- Makaleyi Paylaş
- Facebook'ta Paylaş
- Twitter'da Paylaş
- 20 July 2018, Friday 20:52
- 3324 kez okundu
Konuk Yazar / Korkut BORATAV
AKP iktidarı, yeni yönetime ağır ekonomik sorunlar devretmektedir.
“Hangi yeni yönetim?” sorusuna kısa yanıt şudur: Anayasa değişikliği ile 24 Haziran sonuçları, parlamenter düzeni tarihe karıştırmıştır. Cumhuriyet kurumlarını topluca dönüştürmeyi hedefleyen bir rejim değişikliği sürecindeyiz. Bazıları, “otoriter, popülist yönetim” terimlerini kullanıyorlar. Bana göre, İslamcı faşizm en doğrusudur.
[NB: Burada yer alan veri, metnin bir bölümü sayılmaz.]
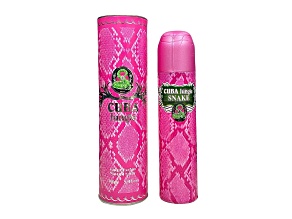 Cuba Jungle Snake Eau De Parfum Spray For Women By Champs - 3.38 oz (100 ml)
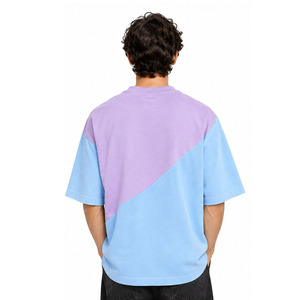 Camiseta Extra Grande para Hombre, 100% Algodón, Ropa de Verano, Manga Corta, Estilo Moderno Informal, Camiseta Básica, Prenda Suave - Product Image 2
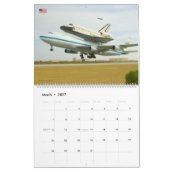 Raumfährenfrachter Kalender (Mär 2027)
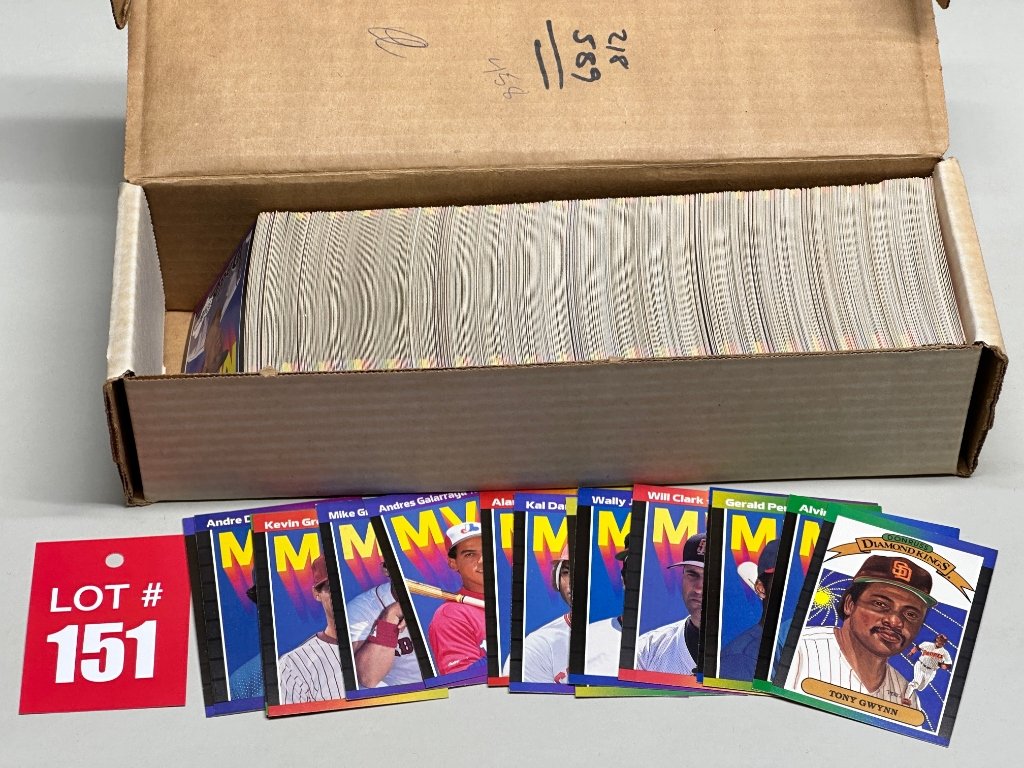Property photo 32 - MLB, NBA, NFL & NHL Sports Cards #1-TIMED ONLINE ONLY AUCTION IN ALLEN COUNTY INDIANA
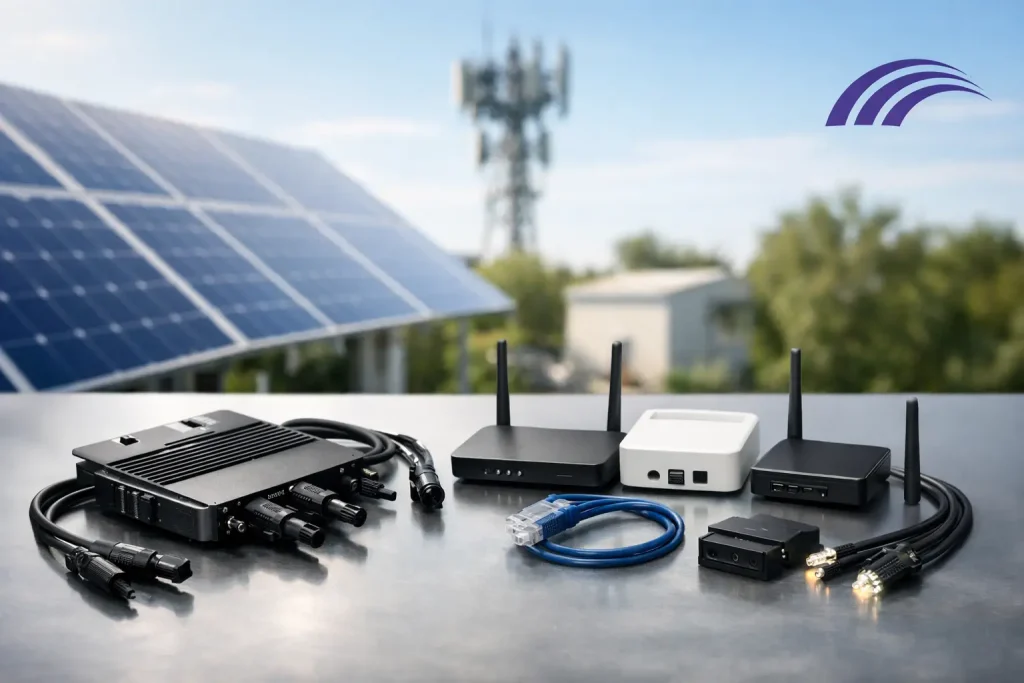 Micro Inverters Communication Protocol Comparison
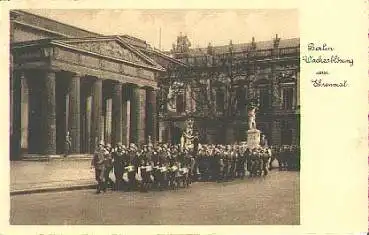 Berlin Wachablössung am Ehrenmal o 8.4.1938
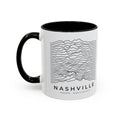 Nashville Ridgeline Accent Mug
Yeni rejime ekonomik köstekler
Hedeflenen dönüşümün önünde halâ önemli engeller var. Yeni iktidarın kurumlaşması, yerleşmesi gerek. Bu güçlüklere iktisadî engeller de eklenmektedir: Küçülmeye başlayan bir ekonomi ve sert bir finansal kriz olasılığı…
Bu ekonomik güçlüklere belirleyici katkı yapmış olan Cumhurbaşkanı bugün ciddi bir açmazla karşı karşıyadır: Ülke üzerindeki iktidarını paylaşmamak için Mart 2019 belediye seçimlerini de kazanmalıdır. Bu nedenle ve mümkünse ekonomik küçülme ertelenmeli; o tarihe kadar finansal kriz patlak vermemelidir.
Küçülen bir ekonominin yarattığı siyasî güçlükleri, Cumhurbaşkanı bizzat yaşadı: Türkiye ekonomisi 2008’in sonlarında uluslararası bunalımın etkisi altında küçülmeye başladı. Finansal bir kriz patlak vermedi, ama milli gelir Ocak-Mart 2009’de yüzde 14,7 oranında düştü.Mart 2009 yerel seçimlerinde de AKP’nin Türkiye oy toplamı yüzde 38’e düştü.Küçülen ekonominin siyasî maliyeti, 2007 genel seçimlerine göre 4 puanlık oy kaybı oldu.
On yıl sonra Mart 2019’da benzer bir kayıp göze alınamaz.
Ekonominin küçülme eğilimi bir yana, Türkiye’nin bir finansal kriz olasılığıyla karşı karşıya olduğu yerli-yabancı iktisatçılar tarafından vurgulanmaktadır.
Bu olasılık daha da korkutucudur. Zira Cumhurbaşkanı, kendisine iktidar kapısını aralayan bir başka finansal krizi (2001 bunalımını) hatırlamalıdır. O ağır krizin tetiklediği seçmen tepkileri, TBMM’deki üç koalisyon partisini (ve bunların bir benzeri olan DYP’yi) 2002’de parlamento dışına atmıştı. Parlamento dışındaki iki partiden biri olan CHP de IMF programını açıkça benimsemiş; programın mimarı Kemal Derviş’i partisine almıştı.Halk muhalefetini temsil etmeyi üstlenen AKP’ye tek parti iktidarı böylece armağan edilmişti.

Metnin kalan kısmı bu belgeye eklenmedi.